A factor in the transformation of Mars’ atmosphere is the steady escape of gas into space. High up in the exosphere, a corona of hydrogen atoms can be seen traveling on ballistic trajectories without collision. Some are flashing quite fast to fly off into space. Thus, in atmospheric water vapor, the ratio of deuterium to hydrogen increases steadily (deuterium is the heavier isotope of the element, so it is much harder for it to fly off into space). Based on the hydrogen isotope ratio, Bruce Jakosky inferred a water loss of 80-99 percent. relative to the baseline value.

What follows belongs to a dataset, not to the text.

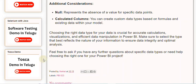Feel free to ask if you have any further questions about specific data types or need help choosing the right one for your Power BI project.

This initial isotope ratio is known from samples of Martian minerals collected by the Curiosity rover, but also from Martian-origin meteorites, such as ALH84001, famous for its presumed traces of life (most Martian rocks on Earth come from the Tharsis and Elysium regions). Victor Baker stipulated, however, that the volume of water resources trapped in the deeper parts of the planet’s mantle cannot be estimated on this basis due to their early and permanent severance by the cryolithosphere, which is a few kilometers thick at the equator to up to a dozen kilometers thick at the poles.

Water transformed into stone

Some of Mars’ water may have been preserved in the form of hydrated minerals. In 2021. Eva Linghan Scheller and Bethany List Ehlmann, with a team from Caltech, found that 30 to as much as 99 percent of the of Mars’ former water resources may have been tied up by hydration of the Martian crust. What interests us most, however, in terms of future manned expeditions or permanent colonization of the neighboring planet, is water that can be used in a more accessible way. Traces of a massive subsurface water eruption, combined with volcanic lava flows on the Cerberus Plain, are only about 10 million years old! July 2018. ESA’s Mars Express orbiter has discovered, using radar, an underground reservoir of liquid water near the South Pole. She is still out there somewhere….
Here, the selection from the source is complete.